Data listing:
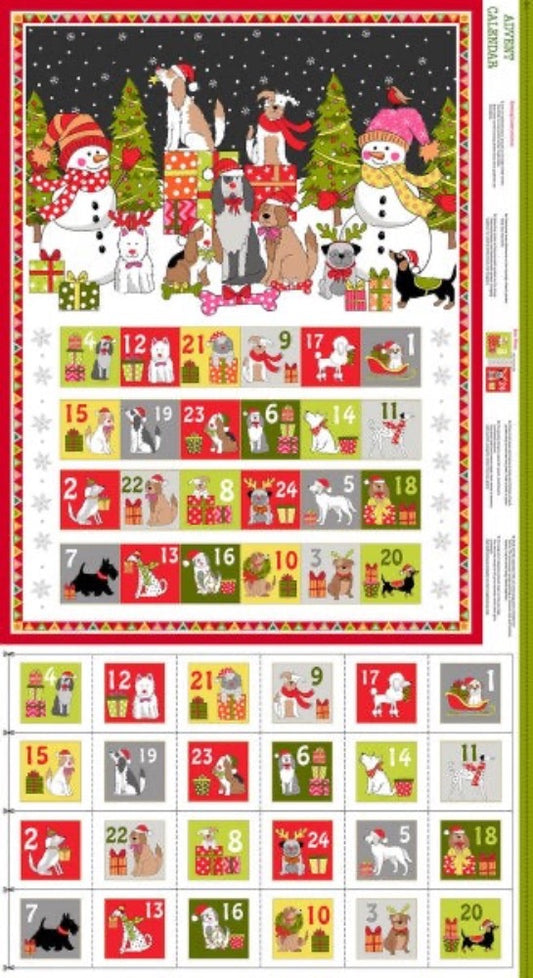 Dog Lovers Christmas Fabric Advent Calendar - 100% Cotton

---

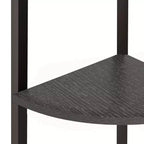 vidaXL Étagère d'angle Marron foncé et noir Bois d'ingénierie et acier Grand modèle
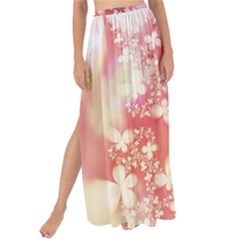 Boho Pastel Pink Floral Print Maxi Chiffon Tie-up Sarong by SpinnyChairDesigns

==

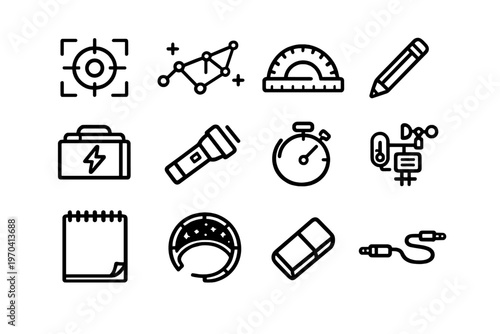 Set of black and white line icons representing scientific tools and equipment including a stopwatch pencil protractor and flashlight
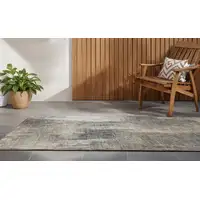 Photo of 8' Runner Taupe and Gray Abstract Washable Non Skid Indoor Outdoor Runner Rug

Work instructions: Excerpt from the records above: set down only the lines from the one that contains "vidaXL Étagère d'angle" through the one that contains "Boho Pastel Pink", inclusive, word for word. Pictures stay out.

Expected answer:
 vidaXL Étagère d'angle Marron foncé et noir Bois d'ingénierie et acier Grand modèle
 Boho Pastel Pink Floral Print Maxi Chiffon Tie-up Sarong by SpinnyChairDesigns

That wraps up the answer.